Los caminos inconducentes de un amor adolescente me están llevando hacia desérticos mundos mientras mi cuerpo se pierde en la ansiedad insólenme. De fondo, una melodía de Chopin ilumina el oscuro silencio de una realidad inexistente, de un presente tan continuo como pasado ¿Existe acaso un futuro o solo vivimos en un pretérito indefinidamente soluble?

El hastío de una rutina que agobia y un futuro hegemónico están explotando mi aura de joven imberbe (un alma que ya no reverbera). Quiero salir corriendo a las mieles de un humo narcotizante que me sede de la bomba de emociones que explotó en mi interior y ahora brota en forma de palabras inconclusas, mal escritas, ciegas, detenidas en una dimensión arcaica.

Me vuela la cabeza pensar, detenerme por un segundo- si es que se puede- en que cada letra que voy escribiendo ya quedó atrás. Que el reloj avanza segundo a segundo y yo lo persigo siempre desde atrás. Como un perro corriendo una zanahoria inalcanzable. Una letra; pasado. Una palabra; pasado. Una oración; pasado. No existe el presente, es tan solo un constructo social para no caer en la esquizofrénica conclusión de que nada está en nuestras manos; de que todo lo que hacemos ya pasó y no tenemos control alguno sobre ello.
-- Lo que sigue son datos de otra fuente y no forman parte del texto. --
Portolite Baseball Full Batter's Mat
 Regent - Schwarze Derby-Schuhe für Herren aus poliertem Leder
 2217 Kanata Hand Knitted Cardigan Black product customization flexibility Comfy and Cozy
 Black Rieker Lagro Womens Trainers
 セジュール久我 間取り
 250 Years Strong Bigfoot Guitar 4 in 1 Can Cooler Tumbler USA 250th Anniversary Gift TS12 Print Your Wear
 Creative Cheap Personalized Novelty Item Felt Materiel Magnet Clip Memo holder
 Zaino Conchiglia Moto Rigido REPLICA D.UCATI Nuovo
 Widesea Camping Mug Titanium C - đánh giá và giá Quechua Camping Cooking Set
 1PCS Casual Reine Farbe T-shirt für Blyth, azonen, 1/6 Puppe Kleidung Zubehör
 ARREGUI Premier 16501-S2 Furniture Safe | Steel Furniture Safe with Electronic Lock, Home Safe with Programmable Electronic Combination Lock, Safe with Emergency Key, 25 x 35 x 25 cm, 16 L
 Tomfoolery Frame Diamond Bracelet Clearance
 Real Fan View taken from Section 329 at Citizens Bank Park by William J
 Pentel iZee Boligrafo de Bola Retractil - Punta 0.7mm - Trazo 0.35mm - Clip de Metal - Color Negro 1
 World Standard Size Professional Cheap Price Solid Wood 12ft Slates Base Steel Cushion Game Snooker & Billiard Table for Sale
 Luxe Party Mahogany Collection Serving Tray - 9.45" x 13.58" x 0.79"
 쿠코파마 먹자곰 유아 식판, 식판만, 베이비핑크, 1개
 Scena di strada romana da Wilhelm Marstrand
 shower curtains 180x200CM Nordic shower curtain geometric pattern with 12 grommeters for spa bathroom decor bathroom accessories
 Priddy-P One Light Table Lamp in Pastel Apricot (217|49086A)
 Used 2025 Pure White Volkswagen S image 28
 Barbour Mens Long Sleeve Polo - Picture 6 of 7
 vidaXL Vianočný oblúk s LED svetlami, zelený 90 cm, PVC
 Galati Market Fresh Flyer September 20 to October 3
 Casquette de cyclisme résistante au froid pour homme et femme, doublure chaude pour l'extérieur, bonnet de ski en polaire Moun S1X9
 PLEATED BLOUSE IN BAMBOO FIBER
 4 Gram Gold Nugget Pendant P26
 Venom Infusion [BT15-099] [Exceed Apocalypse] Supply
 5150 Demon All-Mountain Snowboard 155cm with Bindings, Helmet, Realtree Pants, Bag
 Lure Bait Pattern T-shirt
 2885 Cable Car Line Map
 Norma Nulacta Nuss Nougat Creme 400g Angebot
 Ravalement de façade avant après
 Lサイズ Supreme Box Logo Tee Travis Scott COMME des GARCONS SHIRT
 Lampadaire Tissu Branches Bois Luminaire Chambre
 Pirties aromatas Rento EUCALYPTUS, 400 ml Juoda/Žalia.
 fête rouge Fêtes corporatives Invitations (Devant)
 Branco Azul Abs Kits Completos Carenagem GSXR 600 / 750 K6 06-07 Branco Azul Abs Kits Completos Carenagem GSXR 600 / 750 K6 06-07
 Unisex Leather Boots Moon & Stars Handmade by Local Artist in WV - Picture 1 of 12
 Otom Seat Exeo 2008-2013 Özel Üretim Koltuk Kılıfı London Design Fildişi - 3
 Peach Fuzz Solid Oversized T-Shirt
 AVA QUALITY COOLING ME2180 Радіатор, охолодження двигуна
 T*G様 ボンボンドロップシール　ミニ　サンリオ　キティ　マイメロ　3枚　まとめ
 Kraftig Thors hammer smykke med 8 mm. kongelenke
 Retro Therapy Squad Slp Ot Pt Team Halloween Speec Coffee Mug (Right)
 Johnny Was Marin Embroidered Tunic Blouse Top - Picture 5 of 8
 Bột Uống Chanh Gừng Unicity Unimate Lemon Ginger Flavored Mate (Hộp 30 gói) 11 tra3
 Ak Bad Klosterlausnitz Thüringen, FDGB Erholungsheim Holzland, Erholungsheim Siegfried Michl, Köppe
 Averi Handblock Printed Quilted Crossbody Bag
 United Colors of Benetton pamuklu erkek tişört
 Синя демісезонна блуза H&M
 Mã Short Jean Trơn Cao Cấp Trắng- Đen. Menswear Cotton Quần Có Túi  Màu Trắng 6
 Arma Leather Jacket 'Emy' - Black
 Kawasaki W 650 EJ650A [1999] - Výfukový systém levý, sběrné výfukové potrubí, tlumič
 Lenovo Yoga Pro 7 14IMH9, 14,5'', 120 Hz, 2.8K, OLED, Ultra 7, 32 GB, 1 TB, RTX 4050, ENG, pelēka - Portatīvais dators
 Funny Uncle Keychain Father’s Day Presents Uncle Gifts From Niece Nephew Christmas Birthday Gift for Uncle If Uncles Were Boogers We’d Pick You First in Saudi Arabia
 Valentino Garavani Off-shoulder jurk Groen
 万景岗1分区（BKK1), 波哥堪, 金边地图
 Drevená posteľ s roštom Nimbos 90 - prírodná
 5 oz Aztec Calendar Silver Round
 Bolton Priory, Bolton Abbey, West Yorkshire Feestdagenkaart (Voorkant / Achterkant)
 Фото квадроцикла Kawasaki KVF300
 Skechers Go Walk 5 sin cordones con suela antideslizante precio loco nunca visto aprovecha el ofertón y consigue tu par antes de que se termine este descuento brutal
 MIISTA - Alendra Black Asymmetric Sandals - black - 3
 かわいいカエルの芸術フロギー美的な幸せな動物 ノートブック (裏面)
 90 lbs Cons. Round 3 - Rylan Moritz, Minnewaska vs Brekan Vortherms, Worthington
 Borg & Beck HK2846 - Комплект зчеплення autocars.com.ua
Dos horas me alejan del funesto destino de un cajón que se lleva una vida repleta de alegrías y olvidos. Quedará bajo tierra aquella primera sonrisa desplegada, aquel primer beso entregado. Se enterrará, para siempre, aquel instante ínfimo en la historia del universo que solo les pertenece a ellos dos. Ese instante preciso en el que dos miradas se entrecruzaron por primera vez. Con detalle de orfebre, el panteonero sepultará bajo toneladas de tierra la sonrisa tenue de preadolescentes y aquella mirada clara que tuvo el poder infinito de detener el tiempo para siempre.

Entonces, me quedaré en silencio y derramaré la última lágrima de la noche. El sepultero me observará con la cara de un oficinista agobiado por la rutina. Yo saludaré en tu honor al destino que decidió nuestros desencuentros y brindaré con un vino blanco al dulce martirio de abandonarte para siempre. Escribiré mi propia despedida. El cielo estará oscuro, el tren romperá la noche, nos separaremos de una vez y para siempre en la eternidad continua del nunca jamás. Será así que en el idílico final seré dueño de mi propio reloj, los segundos me correrán de lejos, las agujas se derretirán y ya no habrá pasado; solo el limbo de una melodía eterna que bailaremos juntos.